▶ _INFORMATION SHOWN_
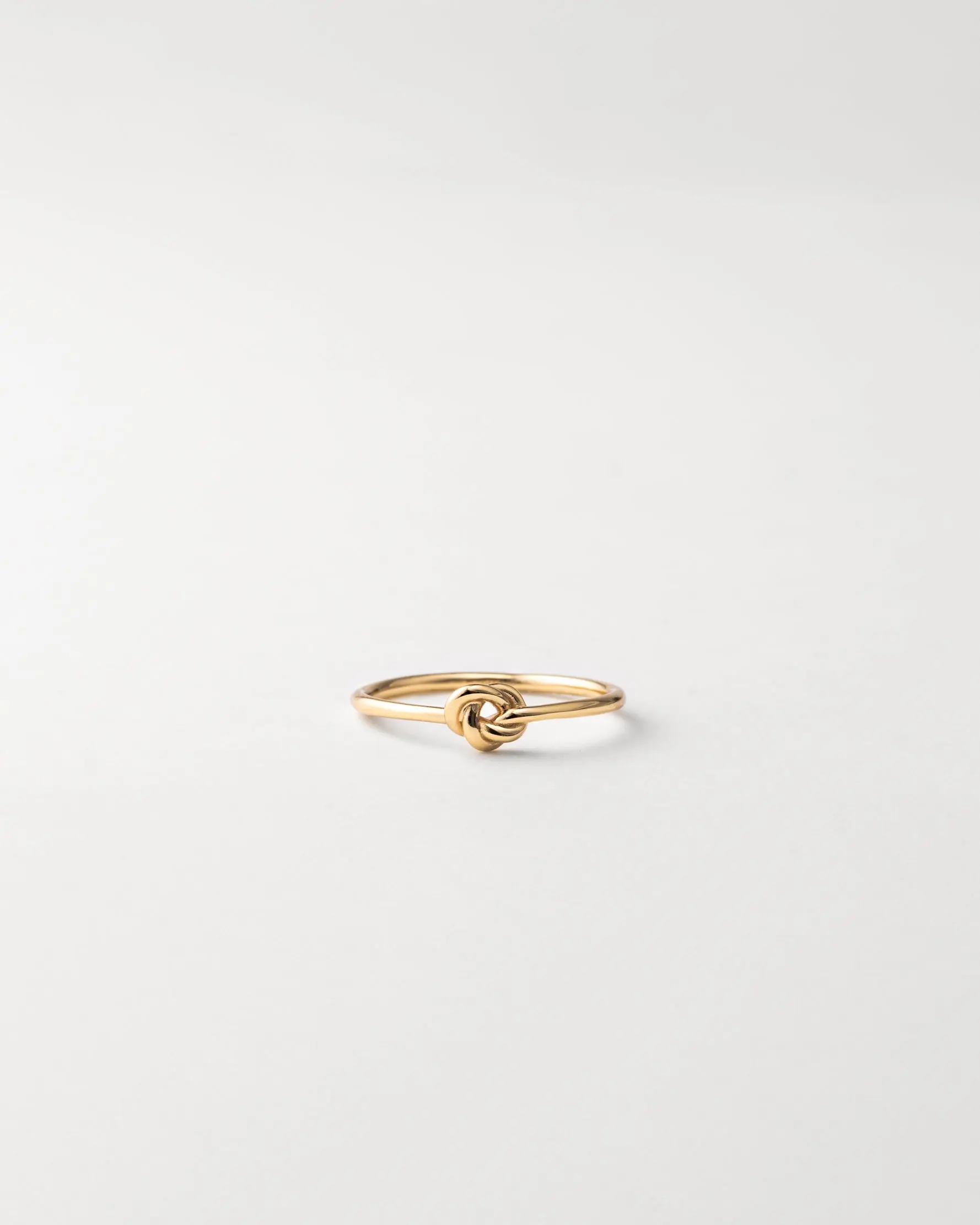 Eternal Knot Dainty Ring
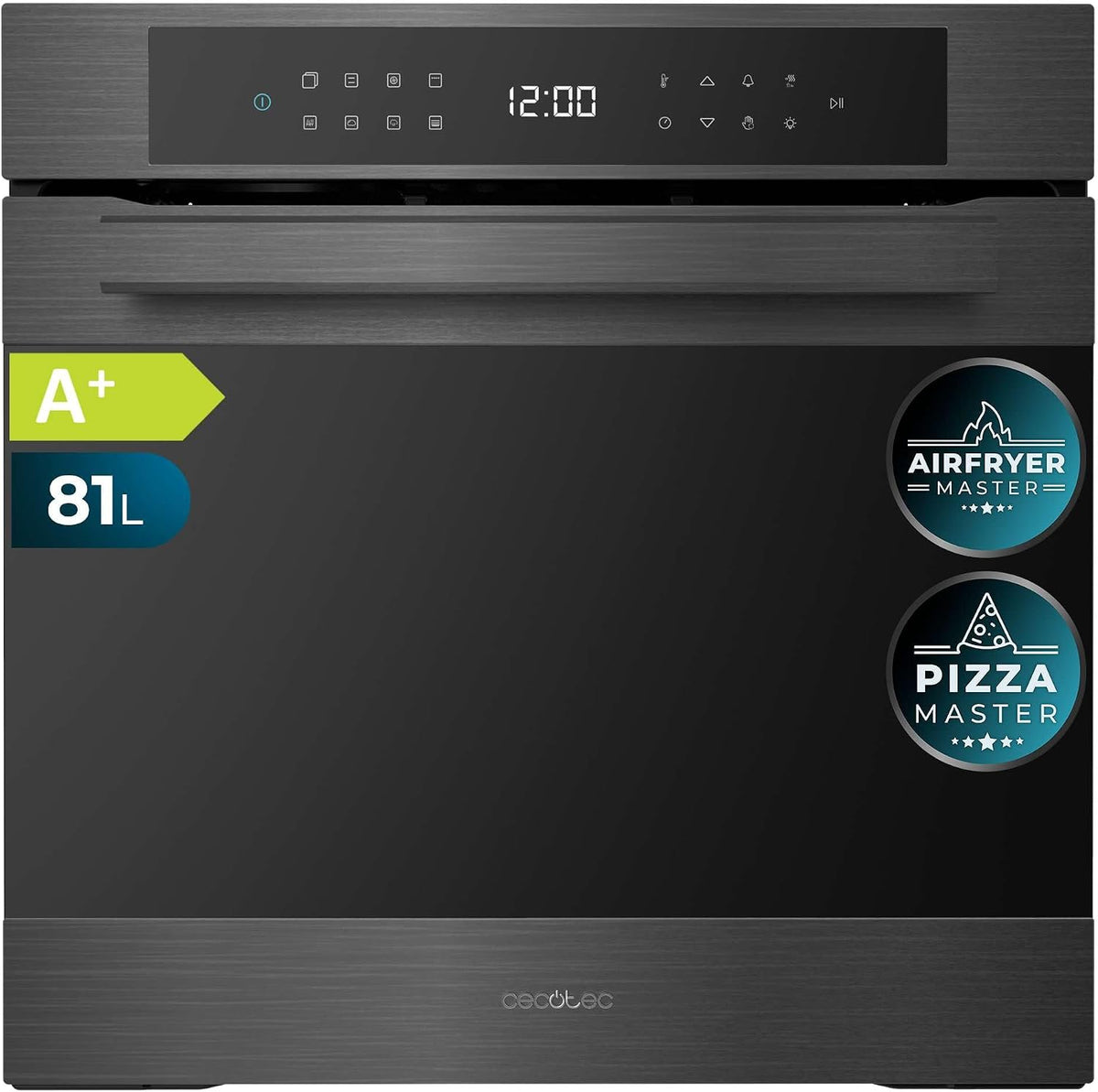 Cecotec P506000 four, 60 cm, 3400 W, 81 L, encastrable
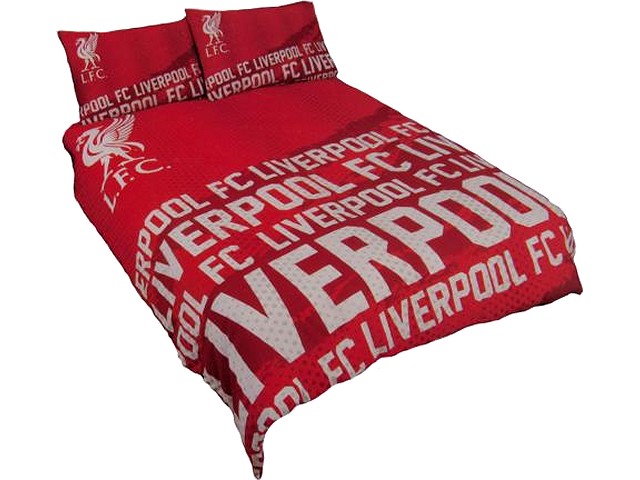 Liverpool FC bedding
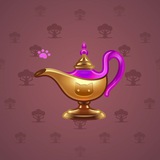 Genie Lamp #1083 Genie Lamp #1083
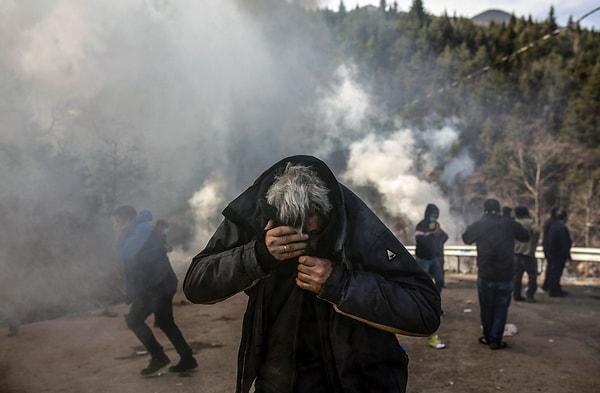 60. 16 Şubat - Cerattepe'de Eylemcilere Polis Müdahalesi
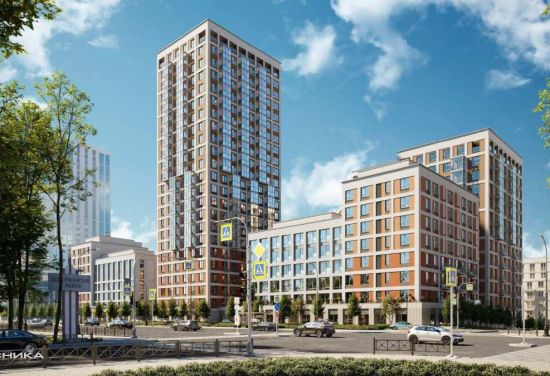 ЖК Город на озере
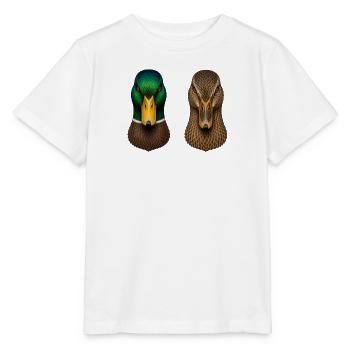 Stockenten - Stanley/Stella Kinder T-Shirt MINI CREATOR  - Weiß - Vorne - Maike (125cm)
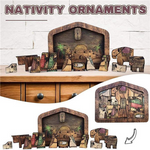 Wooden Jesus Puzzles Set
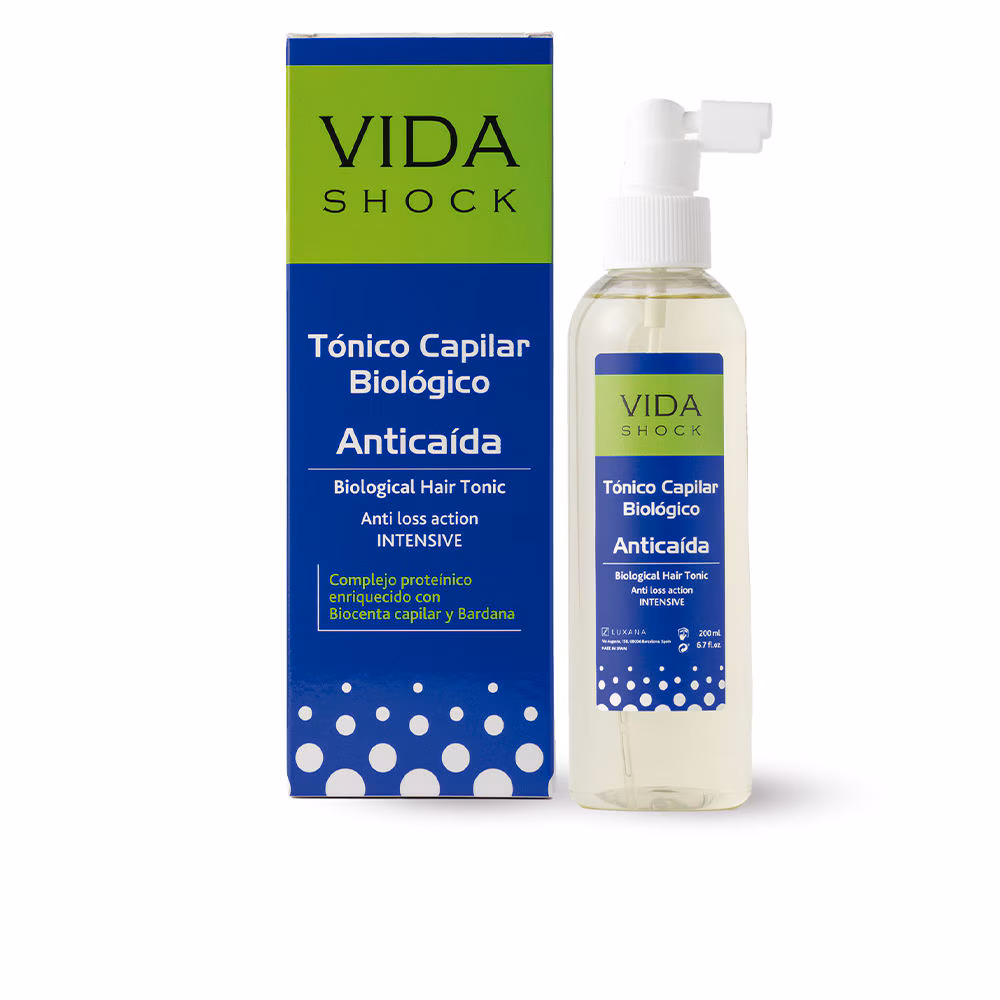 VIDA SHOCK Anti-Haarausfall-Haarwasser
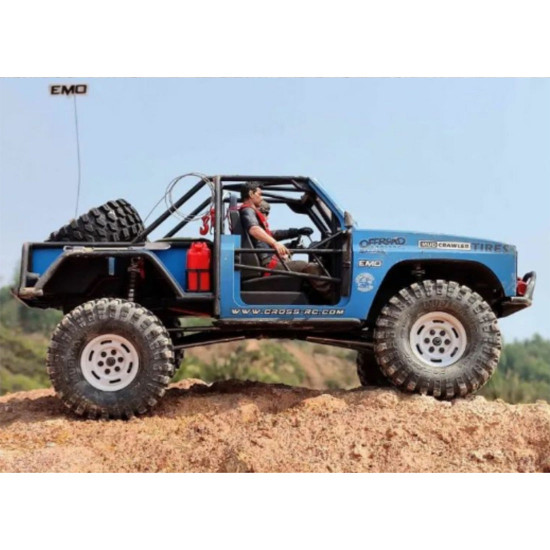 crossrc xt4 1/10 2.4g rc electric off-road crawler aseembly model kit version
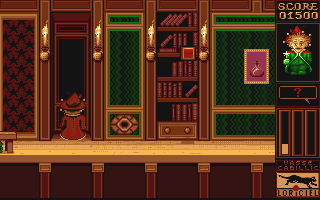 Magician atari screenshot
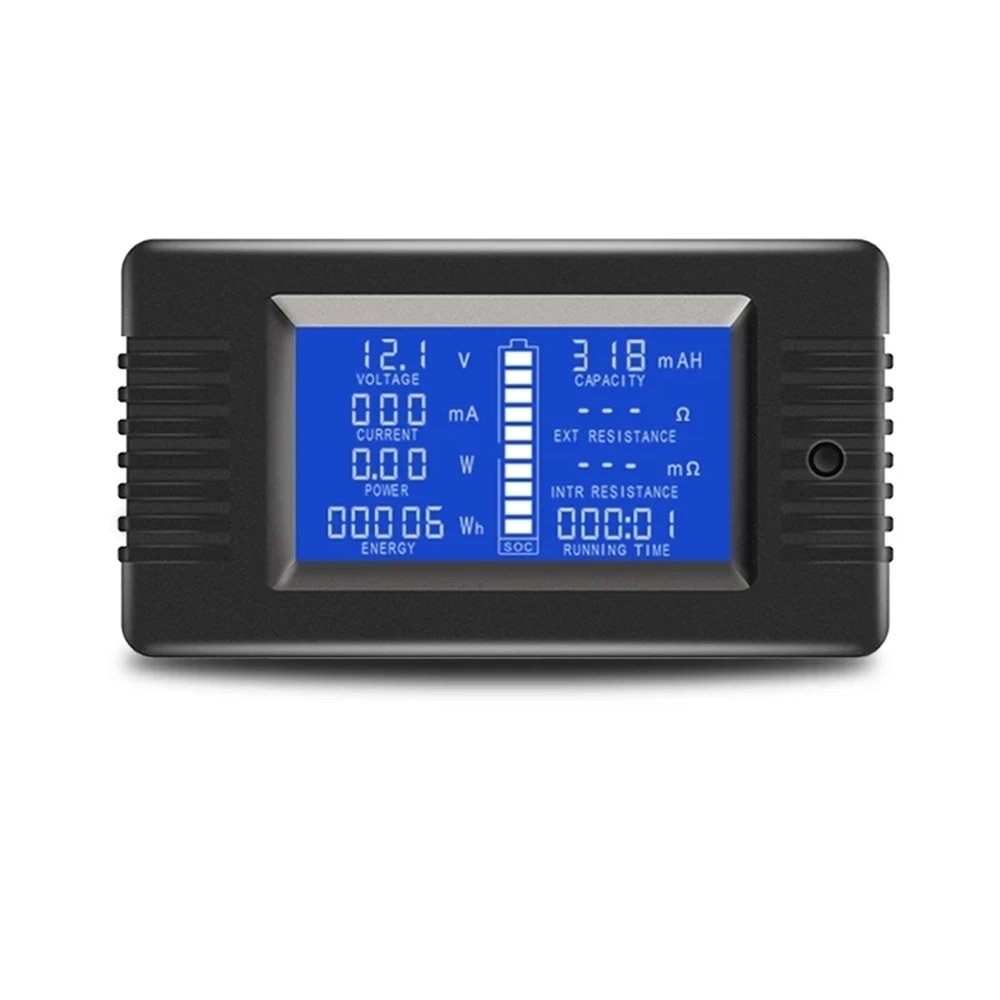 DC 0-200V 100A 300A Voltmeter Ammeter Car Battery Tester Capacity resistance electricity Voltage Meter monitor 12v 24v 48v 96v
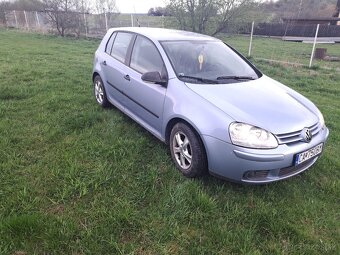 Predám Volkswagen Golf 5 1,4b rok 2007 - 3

▶ _TO DO_
Your task is to copy the entries in full and exactly, without any images.

▶ _SOLUTION TO THIS PROBLEM_
 Eternal Knot Dainty Ring
 Cecotec P506000 four, 60 cm, 3400 W, 81 L, encastrable
 Liverpool FC bedding
 Genie Lamp #1083 Genie Lamp #1083
 60. 16 Şubat - Cerattepe'de Eylemcilere Polis Müdahalesi
 ЖК Город на озере
 Stockenten - Stanley/Stella Kinder T-Shirt MINI CREATOR  - Weiß - Vorne - Maike (125cm)
 Wooden Jesus Puzzles Set
 VIDA SHOCK Anti-Haarausfall-Haarwasser
 crossrc xt4 1/10 2.4g rc electric off-road crawler aseembly model kit version
 Magician atari screenshot
 DC 0-200V 100A 300A Voltmeter Ammeter Car Battery Tester Capacity resistance electricity Voltage Meter monitor 12v 24v 48v 96v
 Predám Volkswagen Golf 5 1,4b rok 2007 - 3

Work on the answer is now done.